Plasmids plucBS and pGAPDHBS were used to generate probes for RNase protection assays (RPA). Plasmid plucBS was derived from the −81 to +80 HIV-1 LTR-luciferase plasmid by PCR using primers 5′-CTAGCAAAATAGGCTGTCCC-3′ (sense) and 5′-TCCGGCGCCATGTTCACCTCG-3′ (antisense) and cloned into the SmaI-SacII site of pBluescript KS+ (Stratagene, Calif.). Plasmid plucBS was linearized with EcoRI, from which RNase protection probes were synthesized by T7 RNA polymerase, which produce a 152-nucleotide probe and, after RNase protection, a 110-nucleotide protected product. Plasmid pGAPDHBS was derived from pHcGAP (American Type Culture Collection, Rockville, Md.), which contains the human glyceraldehyde-3-phosphate dehydrogenase (GAPDH) cDNA. Plasmid pHcGAP was cleaved with XbaI and HindIII, and the resulting 554-bp fragment was cloned into XbaI-HindIII-digested pBluescript KS+ (Stratagene). RNase protection probes were generated by cleaving plasmid pGAPDHBS with HindIII. Runoff transcripts synthesized by T7 RNA polymerase produced a 590-nucleotide probe and, after RNase protection, a 554-nucleotide protected product.
Cells.
Jurkat and H9 cells were grown and maintained in RPMI medium supplemented with 10% fetal bovine serum, while HeLa cells were grown and maintained in Dulbecco’s modified Eagle medium supplemented with 10% calf serum. The polyclonal Jurkat-LTRluc cell line was constructed by stable transfection of the plasmid HIV-1 LTR-luc/CEP4 into Jurkat cells by electroporation. Briefly, 5 × 106 cells were electroporated with 10 μg of plasmid at 250 V and 960 μF. At 48 h posttransfection, cells were placed in medium containing 0.2 mg of hygromycin B per ml.
Peripheral blood was obtained from the Puget Sound Blood Center as standard buffy coat preparations from healthy donors. Peripheral blood mononuclear cells (PBMC) were prepared by centrifugation on a Ficoll-Hypaque (Sigma, St. Louis, Mo.) density gradient. Primary human CD4+ T lymphocytes were derived by incubating 107 PBMC with fluorescein isothiocyanate-conjugated anti-CD4 monoclonal antibody (Leu-3a; Becton Dickinson) and sorting for CD4+ T cells with a fluorescence-activated cell sorter; 2.5 × 105 sorted CD4+ T lymphocytes were then stimulated in vitro with γ-irradiated (3,000 rads) allogeneic PBMC, anti-CD3 (OKT3; 30 μg/ml) monoclonal antibody, and interleukin-2 (50 U/ml) for 10 days.
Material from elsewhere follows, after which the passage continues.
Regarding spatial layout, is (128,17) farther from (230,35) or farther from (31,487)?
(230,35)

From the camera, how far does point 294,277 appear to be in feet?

Peripheral blood monocytes were isolated from fresh PBMC by adherence to plastic at 37°C as described previously (47). Mature macrophages were derived by culturing the monocytes for 14 days in RPMI–10% pooled human serum in 12-well plates at a density of 5 × 105 cells/well. At this time, most of the cells had acquired the characteristic enlarged, spindle-shaped morphology.
Viruses and infections.
Construction of high-titer vesicular stomatis virus G protein (VSV-G) pseudotypes of Vpr+ and Vpr− HIV Δenv proviruses has been previously described (6). The H71R-Vpr and E24G-Vpr mutants were constructed by swapping the SalI-BamHI fragment from proviruses expressing the mutant vpr alleles as described previously (47) into the HIVΔenv proviral backbone. Viral titers were determined by the MAGI assay (25). Target cells were infected with equal multiplicities of infection (MOI) of virus stock in medium containing DEAE-dextran (20 μg/ml; Sigma) at 37°C for 2 h with intermittent agitation. Cells were washed extensively at the end of the incubation period and placed in fresh medium. Cells were harvested intermittently during the infection protocol and stained with fluorescein isothiocyanate-conjugated mouse anti-p24gag monoclonal antibody to determine the number of productively infected cells. In addition, cells were stained with propidium iodide (PI) as described before (5) to determine the cell cycle profile of the infected p24gag+ cells.
Transfections.
For transient transfections of Jurkat and H9 cell lines, 7.5 × 105 cells were washed twice in serum-free medium and resuspended in 0.5 ml of serum-free OPTI-MEM (GIBCO-BRL) containing 1.8 μg of total DNA and 3.6 μl of DMRIE-C (GIBCO-BRL) reagent per well of a 12-well plate. For transfection of HeLa cells, 2 × 105 cells were transfected in serum-free Dulbecco’s modified Eagle medium containing 2 μg of total DNA and 5 μl of Lipofectamine (GIBCO-BRL) reagent per well of a six-well plate. Medium containing 15% fetal bovine serum was added to each of the transfected wells 6 h posttransfection. Primary CD4+ T lymphocytes were electroporated in RPMI–10% pooled human serum at a concentration of 2 × 107 per ml, using 10 μg of total DNA in 0.4-cm gap cuvettes at 960 μF and 250 V (11). Peripheral blood monocyte-derived macrophages were transfected with Lipofectamine-Plus (GIBCO-BRL) reagent. Briefly, 5 × 105 cells were washed twice with serum-free medium and transfected with 0.8 μg of total DNA, 2.25 μl of Lipofectamine-Plus reagent, and 4 μl of Lipofectamine reagent. Three hours later, the transfection mix was replaced with fresh medium (RPMI/10% human serum). All transfections were performed in triplicate. Cells were harvested 48 h posttransfection and lysed in luciferase lysis buffer (Promega). Lysed extracts were used for luciferase assay with an automated injection apparatus (AutoLumat; EG&G Berthold). The protein concentration of the extracts was determined by the Bradford method (Pierce, Rockford, Ill.).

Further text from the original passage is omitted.